Ruth Braddock, a longtime educator, has also received many accolades. Most recently, on March 6 she was recognized by the Women’s History Coalition of Miami-Dade County at its annual luncheon. After the event, Yvonne Santa-Maria, a coalition board member and longtime friend, said: “Ruth Braddock is one of a kind. We were honored to acknowledge her achievements both as a Woman of Impact and especially as the inspiration for writing books for school children highlighting local women.”
Braddock was married to G. Holmes Braddock, who served on the Miami-Dade County School Board for 38 years and championed the school district’s effort to desegregate, according to the G. Holmes Braddock Senior High School website.

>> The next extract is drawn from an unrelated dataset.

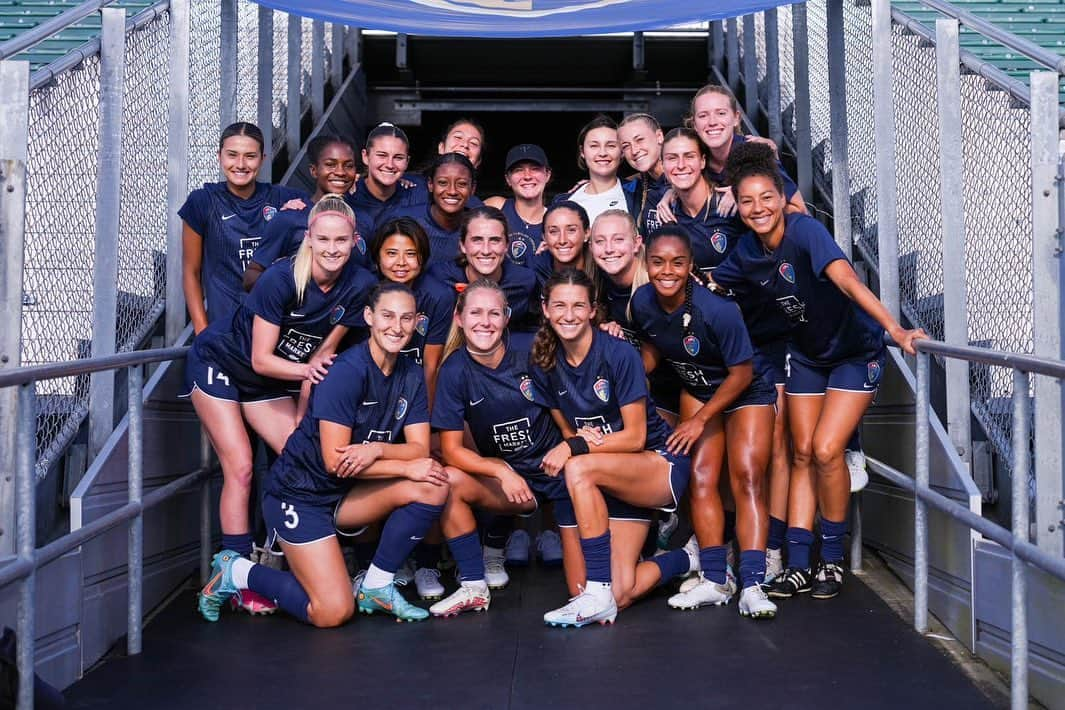 三浦成美さんのインスタグラム写真 - (三浦成美Instagram)「Last game 📸 🕺 Thanks for gave me a cute picture✨ Keep going!! #NWSL #nccourage」8月3日 10時44分 - miura_narumi17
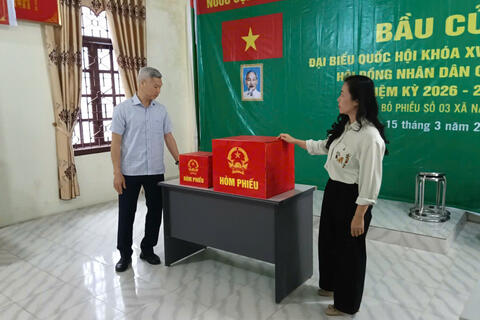 Đồng chí Bí thư Đảng ủy,Chủ tịch HĐND, Trưởng ban chỉ đạo bầu cử xã kiểm tra công tác chuẩn bị bầu cử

In preparation for the United States’ 1976 Bicentennial, Ruth Braddock chaired the Book Committee for the Miami Chapter of AAUW (American Association of University Women) for the purpose of researching, writing and publishing Miami’s first women’s history book. It took seven years to complete the first book, Julia’s Daughters: Women in Dade’s History, 1513 to 1975. Two decades later a second book was published, Beyond Julia’s Daughters: Women in Miami-Dade History, 1975-2000. A third book is planned.
An adjunct professor at Florida Atlantic University, Braddock supervised pre-service teachers. She was legislative chair of the Howard Drive Elementary School Parent Teacher Association, Dade County Social Studies Council member, chair of Dade County Community Schools and a Phi Delta Kappa International, Delta Kappa Gamma-Omicron.

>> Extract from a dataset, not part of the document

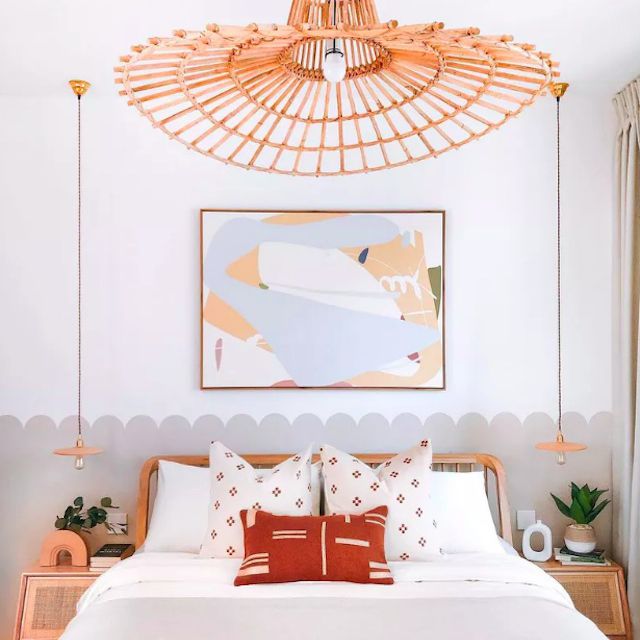 分层的卧室天花板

As president of AAUW’s Miami Branch from 1969-71, Braddock established a Seeds of Culture series at Florida Memorial College, the historically black university that relocated to Miami Gardens. She spent hours collecting and hauling books to the college library in her family’s station wagon. As a result of her efforts, over 13,000 books were donated.

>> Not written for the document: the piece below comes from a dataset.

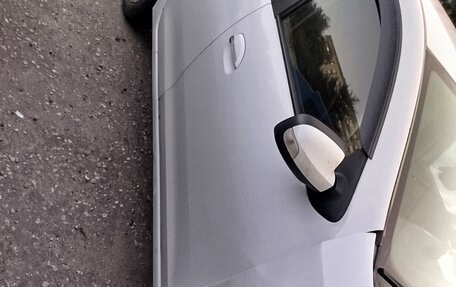 Renault Logan II, 2018 год, 200 000 рублей, 8 фотография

According to Beverly Nixon, the first black president of the Miami branch from 1985-87, AAUW’s centerpiece Educational Foundation Program gift was named to honor Ruth Braddock. The purpose of this gift is to encourage women to gain advanced training and knowledge for academic or professional careers.
Ruth’s interest in racial issues was reflected in her master’s thesis, “Assimilation and Accommodation of the West Indian Negro and the American Negro.” In the early 1960s during severe racial tension in Homestead, the publisher of the South Dade News Leader challenged the willingness of any school board member’s wife to walk alone through the all-black area of West Perrine.
Ruth Braddock accepted the challenge and walked through the neighborhood helping to alleviate some of the fears about integration. There was no incident. Her continued concern for cultural diversity included memberships in the Council of International Visitors and the United Nations Association.
She is a founding officer of the Women’s Chamber of Commerce, a member of the National Women’s Political Caucus, Parent Teacher Student Association, Third Century, U.S.A., University of Miami Alumni Association, YWCA, the League of Women Voters, History Miami, the Natives of Dade/Miami Pioneers and the Grey Panthers. She headed a geriatric study for the Mental Health Association, continues as a long-term care insurance specialist, and is a member of Old Cutler Presbyterian Church.
Names and faces not to be forgotten, Ruth Shack and Ruth Braddock, are examples of pioneer change agents. They have done so much, for so many, for so long; and it is noted they continue giving.